In einem Kiosk in einer Hamburger Bahnstation sitzt ein Mann und wartet auf uns und unsere Geschichten. Den Kiosk hat Christoph Busch gemietet und an die Tür ein Plakat mit diesem Hinweis gehängt: "Ich höre ihnen zu. Jetzt gleich oder ein anderes Mal." Viele kommen vorbei und erzählen ihm ihre Geschichten. Einfach so und obwohl sie ihn nicht kennen.
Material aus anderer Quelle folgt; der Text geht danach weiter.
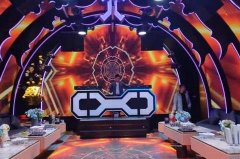 上海昆仑汇变身Moon party KTV后消费明细大揭秘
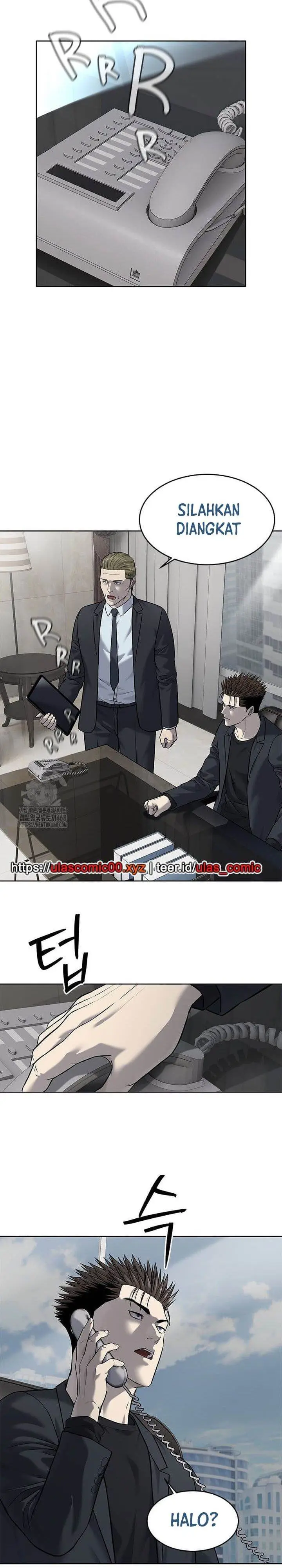 image-komik-god-of-blackfield-chapter-288-5/38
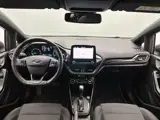Foto 24 van Ford Fiesta 1.0 EcoBoost ST-Line | Dealer Onderhouden |B&O | Stoel/Stuur verwarming | Camera | Carpl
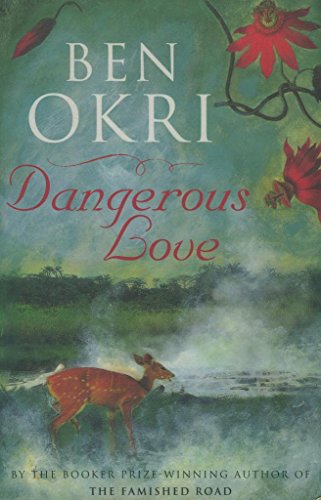 Dangerous Love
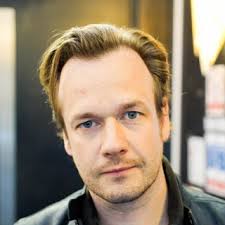 Peter Rollins podcast appearances and mentions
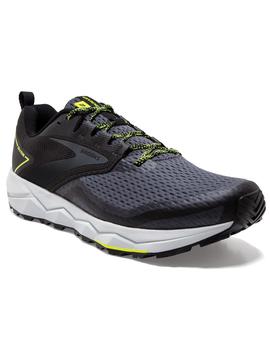 BROOKS DIVIDE 2, ZAPATILLA TRAIL RUNNING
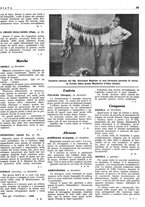 giornale/LO10010767/1946/unico/00000025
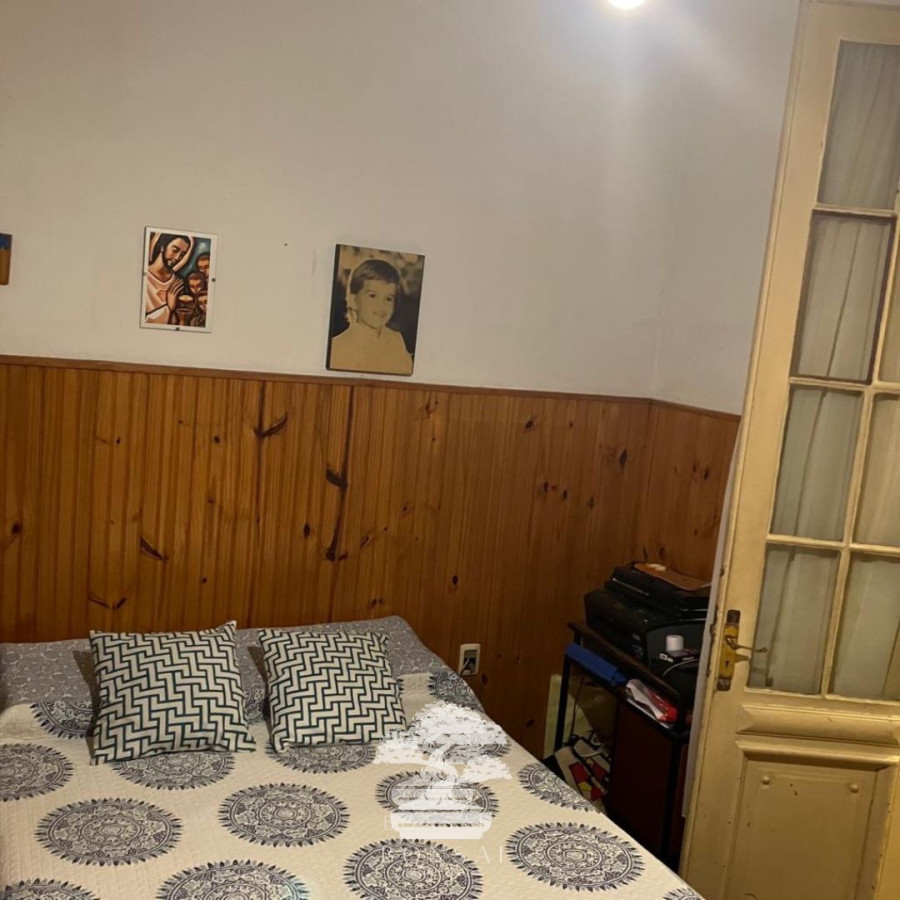 Casa ID.110 - Venta Casa 2 Dormitorios Florida Mp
Vor der Seitenscheibe des Kiosks auf dem Hamburger Bahnsteig steht Iwan. Er promoviert zurzeit in Darmstadt und möchte seine Geschichte erzählen. Sie handelt davon, wie Iwan immer wieder von Menschen in seinem Werdegang behindert wurde.
Eine der Geschichten: Iwan ist doch begabt
In der Schule vermittelte ihm eine Lehrerin, dass er nicht gut genug sei, später im Studium habe ihm sein Mentor Steine in den Weg gelegt. Doch die Einschätzungen seiner Lehrerin und seines Mentors seien offenbar falsch gewesen, beschreibt Iwan den Wendepunkt in seiner Geschichte. Denn er habe kürzlich einen Wissenschaftswettbewerb gewonnen. Und nun werde er außerdem bald nach Genf ziehen, um dort am Nuklearforschungszentrum CERN zu arbeiten. Eine Geschichte mit Happy End also, die Christoph Busch heute hört. Und vielleicht landet diese Geschichte in einem Buch, das aus diesen und vielen weiteren Geschichten entstehen könnte.
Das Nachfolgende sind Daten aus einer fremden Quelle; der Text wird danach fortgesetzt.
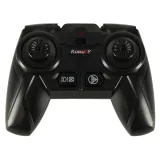 Intuicyjny pilot do traktora zdalnie sterowanego – łatwy dla dzieci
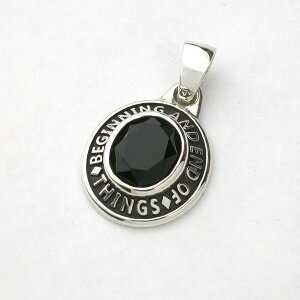 Xg[y_gE݁@SILVER Vo[y_g y_ggbv Tt@CA r[ NH[c IjLX jZbNX j  925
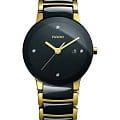 Rado R30930712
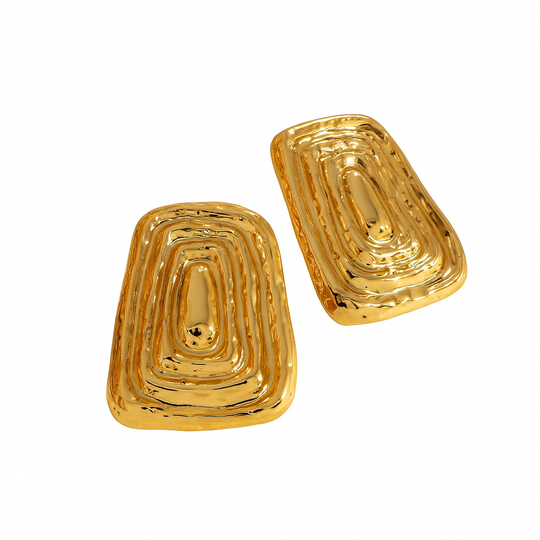 Lona Earrings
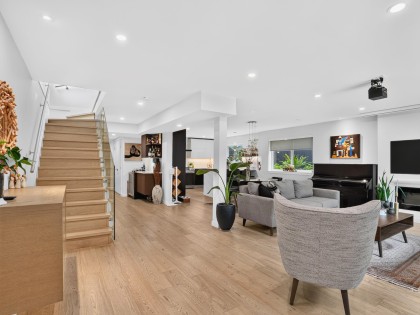 Photo 1 at 514 W 28th Street, Upper Lonsdale, North Vancouver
"Ich höre Ihnen zu. Jetzt gleich oder ein anderes Mal"
Christoph Busch ist Drehbuchautor und hat den Kiosk gemietet. Nun befindet sich hier sein Erzählbüro – wie er den Kiosk nennt - das Teil seines Projektes "Das Ohr" ist. In den Regalen des Ladenlokals stehen hinter den Fenstern Bilder, aufgeschlagene Bücher und einige Skulpturen. Oben am Dach hängt eine rote Flagge mit einem Ohr. Seit Januar 2018 hört Christoph Busch hier allen zu, die etwas zu erzählen haben. Kostenlos, einfach so und weil er auf der Suche nach Geschichten ist. Täglich zwischen 9:30 und 14:30 Uhr wartet er in seinem Kiosk darauf, dass Leute zu ihm kommen, um ihm von sich zu erzählen. Hier zu schreiben und Leuten zuzuhören war seine Idee, als er an dem leerstehenden Kiosk vorbei kam.
"Da hing an diesem Kiosk ein Schild, dass der zu vermieten sei. So ganz vage Idee: Ich setze mich hier hin und schreibe, und vielleicht gibt’s auch neue Geschichten... Und dann war der Kiosk tatsächlich noch zu haben!"
Viele halten den Besuch im Ohr für eine gute Idee. Und erzählen oft traurige Geschichten über sich und ihr Leben, sagt Christoph Busch.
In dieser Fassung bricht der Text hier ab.